Chest x-ray showing a magnified cardiac silhouette due to anteroposterior projection, prominent aortic arch with elongation of the descendent aorta. Unremarkable pulmonary hila, central trachea, and in the right pulmonary base a cystic lesion, with thick walls, air-fluid level inside (blue arrows), alongside alveolar opacities without consolidation. Obliteration of right costophrenic angle due to pleural effusion.

Figure 2.

Chest CT scan. (A-D) Sequence of images in the mediastinal window. (E-H) Sequence of images in lung window. There is a loss of the normal architecture of the middle and inferior right lobes, with consolidation in the posterior basal segment of the inferior right lobe, alongside varicose bronchiectasis (blue arrows). There is ipsilateral pleural effusion (red arrow), with air bubbles and anterior laminar pneumothorax (yellow arrow). The lateral segment of the middle lobe is replaced by thick-walled cavitation (green arrows).

Figure 3.

Chest CT scan, sagittal reconstruction. (A, B) A thick-walled cavitated lesion is observed, alongside varicose bronchiectasis (red arrows) and right pleural effusion.

Figure 4.

Transbronchial biopsy. (A) H&E staining showing a fragment of the respiratory epithelium with a dense subepithelial chronic inflammation (blue arrow). (B) Collagenous stroma (green arrow) with dense subepithelial chronic inflammation.

Figure 5.

Transbronchial biopsy with Gomori Methenamine-Silver staining, where hyaline hypha is observed within the stroma, at a 45-degree angle (blue arrow).

Figure 6.

(A) Macroscopic aspect of the Aspergillus fumigatus colony in Sabouraud agar, showing a fast-growing colony, flat, velvety, initially green, which then turned into a grayish color with a white halo (blue arrow). (B, C) Microscopic characteristics, were typic columnar heads are seen, with short conidiophores, smooth walls, and cone-shaped terminal vesicles supporting a single row of phialides in the upper two-thirds of the vesicle. The conidia have a globose shape, with rough walls and a greenish color (red arrows).

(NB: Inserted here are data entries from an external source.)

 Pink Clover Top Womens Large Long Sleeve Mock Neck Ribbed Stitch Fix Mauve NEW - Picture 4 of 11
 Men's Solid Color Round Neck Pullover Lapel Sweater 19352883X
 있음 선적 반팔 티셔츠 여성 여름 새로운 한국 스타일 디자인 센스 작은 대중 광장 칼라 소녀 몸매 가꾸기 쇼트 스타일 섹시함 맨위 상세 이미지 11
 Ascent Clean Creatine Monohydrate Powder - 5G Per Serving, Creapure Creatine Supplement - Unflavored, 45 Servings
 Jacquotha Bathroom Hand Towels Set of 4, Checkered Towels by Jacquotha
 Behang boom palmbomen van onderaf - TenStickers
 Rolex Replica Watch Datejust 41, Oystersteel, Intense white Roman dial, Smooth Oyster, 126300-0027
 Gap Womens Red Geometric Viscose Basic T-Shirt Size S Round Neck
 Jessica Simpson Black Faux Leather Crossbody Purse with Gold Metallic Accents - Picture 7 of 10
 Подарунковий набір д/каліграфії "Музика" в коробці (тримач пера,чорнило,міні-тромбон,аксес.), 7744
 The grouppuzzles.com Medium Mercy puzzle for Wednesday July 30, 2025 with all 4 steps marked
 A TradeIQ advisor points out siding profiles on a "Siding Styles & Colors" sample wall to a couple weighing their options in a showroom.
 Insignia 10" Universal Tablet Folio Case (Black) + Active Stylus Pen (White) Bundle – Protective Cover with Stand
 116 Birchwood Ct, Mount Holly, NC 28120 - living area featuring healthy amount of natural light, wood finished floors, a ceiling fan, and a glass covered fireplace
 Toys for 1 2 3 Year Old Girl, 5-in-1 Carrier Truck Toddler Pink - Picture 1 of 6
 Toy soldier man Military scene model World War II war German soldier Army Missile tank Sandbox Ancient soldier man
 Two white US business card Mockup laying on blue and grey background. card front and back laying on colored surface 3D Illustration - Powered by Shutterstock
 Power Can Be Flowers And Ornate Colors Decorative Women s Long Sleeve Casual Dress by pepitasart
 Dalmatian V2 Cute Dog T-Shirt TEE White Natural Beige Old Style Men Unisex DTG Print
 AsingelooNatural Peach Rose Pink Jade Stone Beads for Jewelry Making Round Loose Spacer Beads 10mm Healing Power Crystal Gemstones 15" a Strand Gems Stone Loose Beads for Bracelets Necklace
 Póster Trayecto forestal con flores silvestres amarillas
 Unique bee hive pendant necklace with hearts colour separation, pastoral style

Abdomen ultrasonography reported normal-sized kidneys, with no ascites but a filling defect in the right hepatic vein that extended to the right atrium. A transesophageal echocardiogram was performed, describing a LVEF 39% and lesions suggesting vegetations of 9 mm x 11 mm in the aortic valve, 24 mm x 19 mm in the right atrium and 19 mm x 16 mm with a 26 mm filiform element in the crista terminalis. Due to the neurological manifestations at admission, a brain CT scan was performed, reporting a left frontal periventricular hypodensity. One week later, the patient presented with a left inferior monoparesis and nominal aphasia, so he was followed with a nuclear magnetic resonance of the brain finding multiple lesions along the corpus callosum, right cerebellar hemisphere, diffuse leptomeningeal enhancement and changes due to volume loss of the parenchyma (Figure 7). A lumbar puncture was unremarkable. Due to the characteristics of the lesions, an angio-invasive fungal parenchymal compromise was considered, despite having a normal spinal tap.

Figure 7.

Cerebral nuclear magnetic resonance. (A-D) Multiple lesions with an increased signal intensity are observed, of rounded morphology, compromising the white batter of both cerebral hemispheres (yellow arrows). The knee of the corpus callosum and right cerebellar hemisphere are visualized. There is vasogenic edema, especially around the lesion located adjacent to the frontal horn of the left lateral ventricle. After the administration of contrast medium, enhancement of these lesions is shown, compared to the adjacent parenchyma.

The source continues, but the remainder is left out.